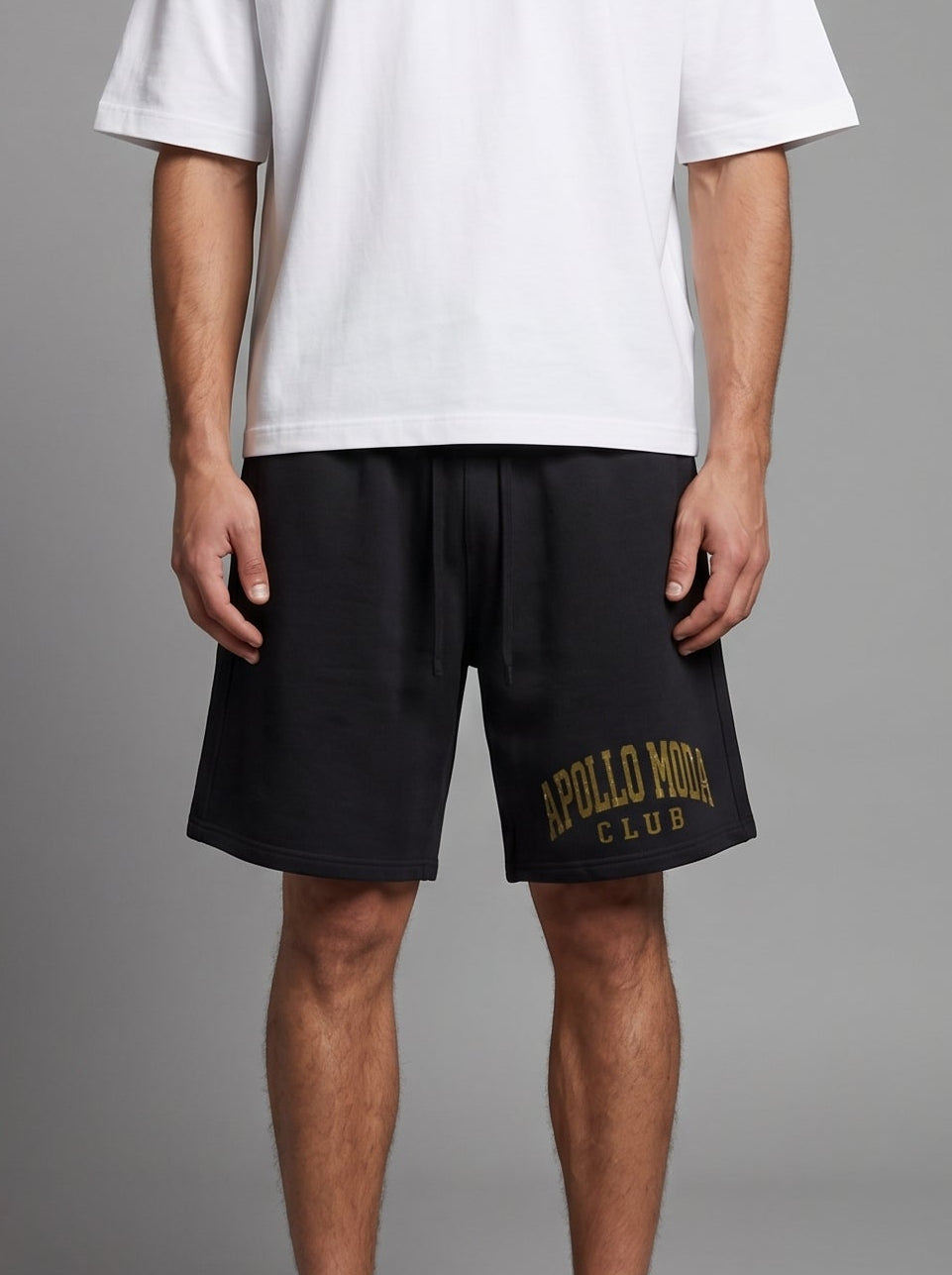 Men's relaxed fit heavyweight cotton sweat shorts in solid black and gold colors
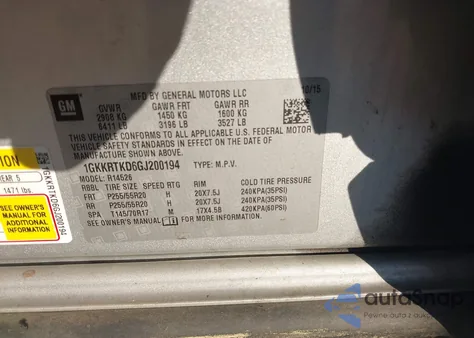 2016 GMC Acadia Denali from USA, damaged, VIN 1GKKRTKD6GJ200194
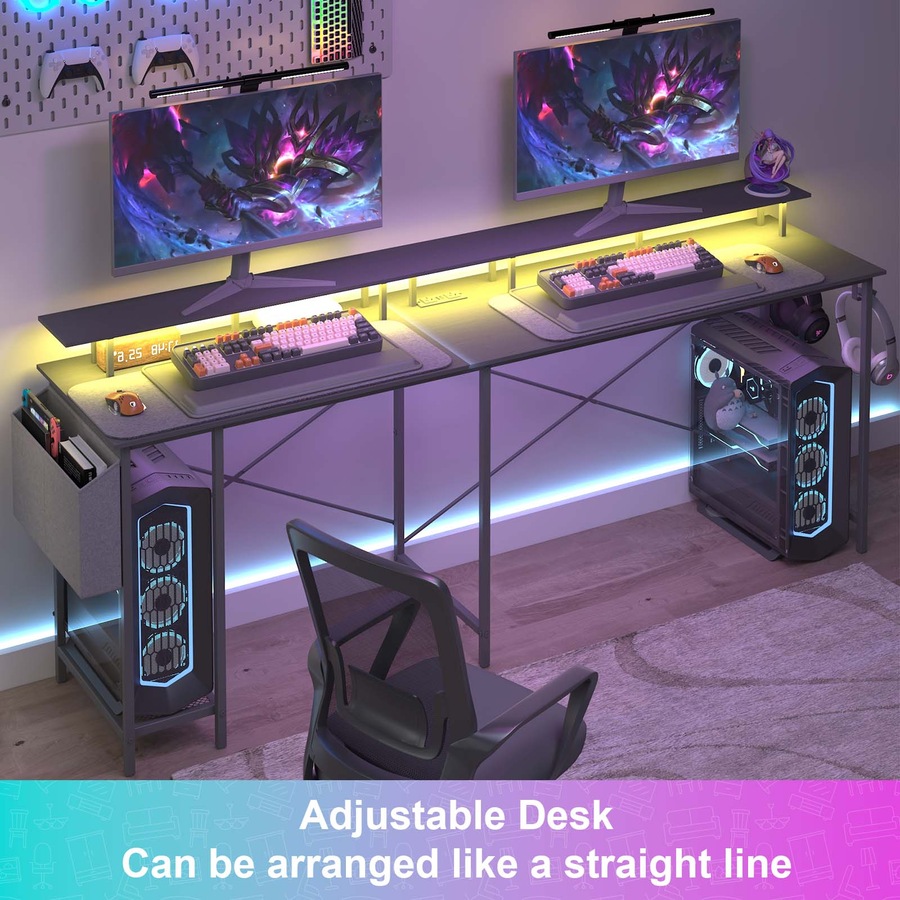 Advwin L Shaped Gaming Desk with LED Lights & Power Outlets Computer Desk with Monitor Stand Corner Desk with Hooks Black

================================

▶ WORK TASK
Exactly the lines from the one that contains "2016 GMC Acadia" to the last line of the data, both included, should be set down, and no pictures should appear among them.

▶ EXERCISE ANSWER
 2016 GMC Acadia Denali from USA, damaged, VIN 1GKKRTKD6GJ200194
 Advwin L Shaped Gaming Desk with LED Lights & Power Outlets Computer Desk with Monitor Stand Corner Desk with Hooks Black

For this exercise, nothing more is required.